Logs are typically fairly unstructured and complex to parse. For whitebox monitoring (i.e. where you have access to the code and the code can report state) you are far better off exporting state in a very well defined format to minimise parsing overhead. It also tends to make you a bit more focused on defining the characteristics of the parameter you are monitoring.

You want blackbox monitoring (for close-to-user experience) AND whitebox monitoring (which provide diagnostics of internal state for debugging). True blackbox monitoring is often pretty unreliable so you are usually better of alerting on whitebox reported state of end user perceivable variables, e.g. HTTP error codes, latency and so on.

State of the art is to report a staggering amount of data about the internal state of a server. I mean a lot. 10s to 100s of times the number of parameters you are probably used to seeing.

Rapzid · on Oct 14, 2014

Typically yes. But I'm predicting a huge shift towards structured logging. Take a look at Serilog. It's a .Net logger I've been using recently that just has some fantastic concepts. Worth reading into even if you don't use .Net . I believe that's the direction "logging" will go... It's more eventing now I guess.
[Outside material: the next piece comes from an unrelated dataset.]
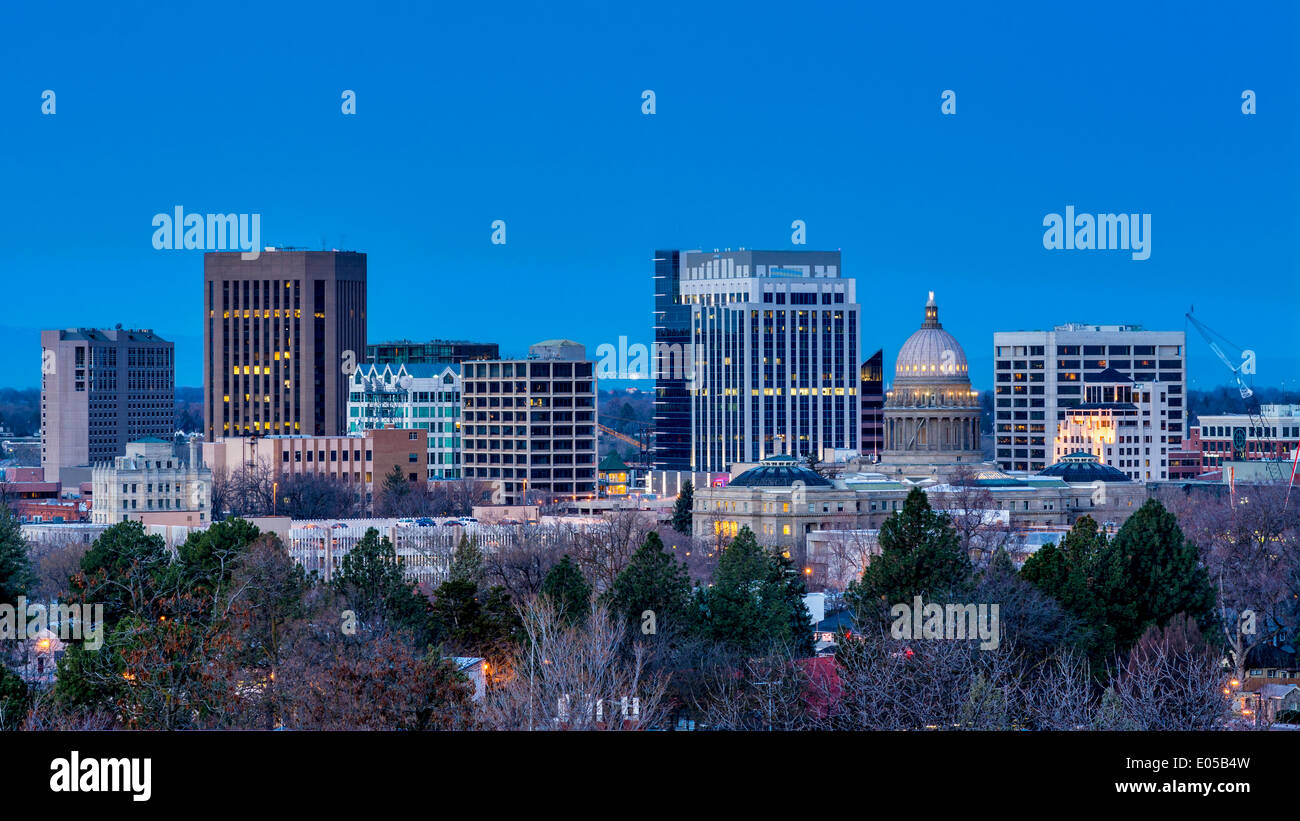 Ville de Boise IDAHO à nigher avec les lumières de la ville sur Banque D'Images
Both metrics and "logs" can be expressed as events. Those are like points in space. An incident could be like a line; a 2d event with a start and duration.

falcolas · on Oct 14, 2014

The real trick, in my experience, is to treat every page as an actionable item, even if, no, especially if the action is to change alerting thresholds.

Doing this has taken us, in the past, from 400 pages a day to under 100 a day, over the course of a week's worth of effort.

mkopinsky · on Oct 14, 2014

If something not-so-bad-this-time happens while I'm eating dinner, I am not taking time right then and there to figure out exactly when we should and shouldn't alert for that event. That demands a level of analytical thinking that can take place during work hours.